For this he would be removed in a coup by MI5 and the CIA, imprisoned for 3 years then put under house arrest until his death.

Britain was determined to bring about regime change so orchestrated a world-wide boycott of Iranian oil, froze Iran’s sterling assets and threatened legal action against anyone purchasing oil produced in the formerly British-controlled refineries. The Iranian economy was soon in ruins.... Sounds familiar, doesn't it?

America was reluctant at first to join Britain’s destructive game but Churchill (prime minister at this time) let it be known that Mossadeq was turning communist and pushing Iran into Russia's arms at a time when Cold War anxiety was high. That was enough to bring America's new president, Eisenhower, on board and plotting with Britain to bring Mossadeq down.

Chief of the CIA's Near East and Africa division, Kermit Roosevelt Jr, played the lead in a nasty game of provocation, mayhem and deception. Shah Mohammad Reza Pahlavi signed two decrees, one dismissing Mossadeq and the other nominating the CIA's choice, General Fazlollah Zahedi, as prime minister.

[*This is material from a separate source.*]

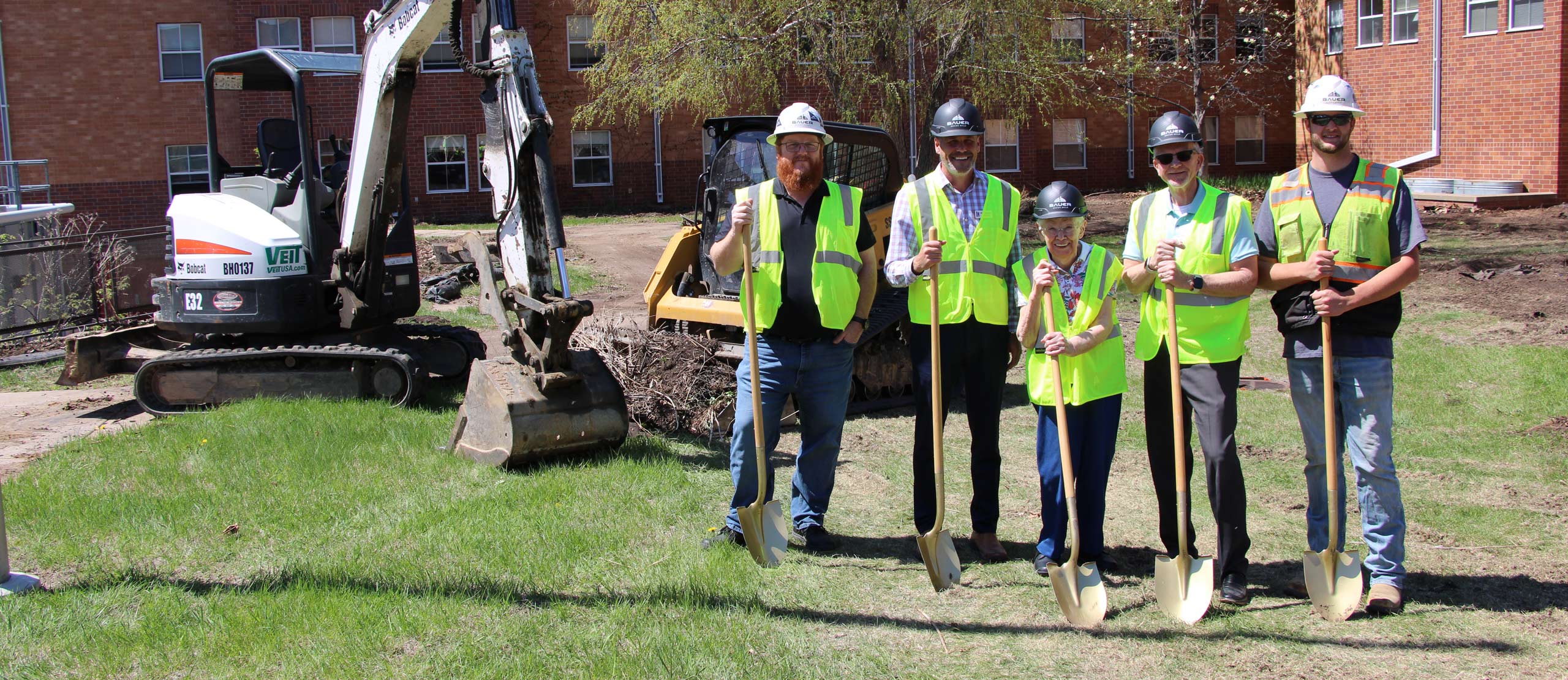 The courtyard ground breaking depicts heavy machinery and some demolition already underway in the background. The people pictured are construction workers, along with Lyngblomsten President & CEO, Lyngblomsten Foundation Executive Director, and a donor.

These decrees were written as dictated by the CIA.

In August 1953, when it was judged safe for him to do so, the Shah returned to take over. Mossadeq was arrested, tried, and convicted of treason by the Shah's military court. He remarked: “My greatest sin is that I nationalised Iran’s oil industry and discarded the system of political and economic exploitation by the world’s greatest empire… I am well aware that my fate must serve as an example in the future throughout the Middle East in breaking the chains of slavery and servitude to colonial interests.”

His supporters were rounded up, imprisoned, tortured or executed. Zahedi's new government reached an agreement with foreign oil companies to form a consortium to restore the flow of Iranian oil, awarding the US and Great Britain the lion's share - 40% going to Anglo-Iranian. The consortium agreed to split profits on a 50-50 basis with Iran but refused to open its books to Iranian auditors or allow Iranians to sit on the board.

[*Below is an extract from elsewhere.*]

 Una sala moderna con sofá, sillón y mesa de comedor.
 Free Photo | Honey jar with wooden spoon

The US massively funded the Shah's government, including his army and his hated secret police force, SAVAK. Anglo-Iranian changed its name to British Petroleum in 1954. Mossadeq died on 5 March 1967.

The CIA-engineered coup that toppled Mossadeq, reinstated the Shah and let the American oil companies in, was the final straw for the Iranians. The British-American conspiracy backfired spectacularly 25 years later with the Islamic Revolution of 1978-9, the humiliating 444-day hostage crisis in the American embassy and a tragically botched rescue mission.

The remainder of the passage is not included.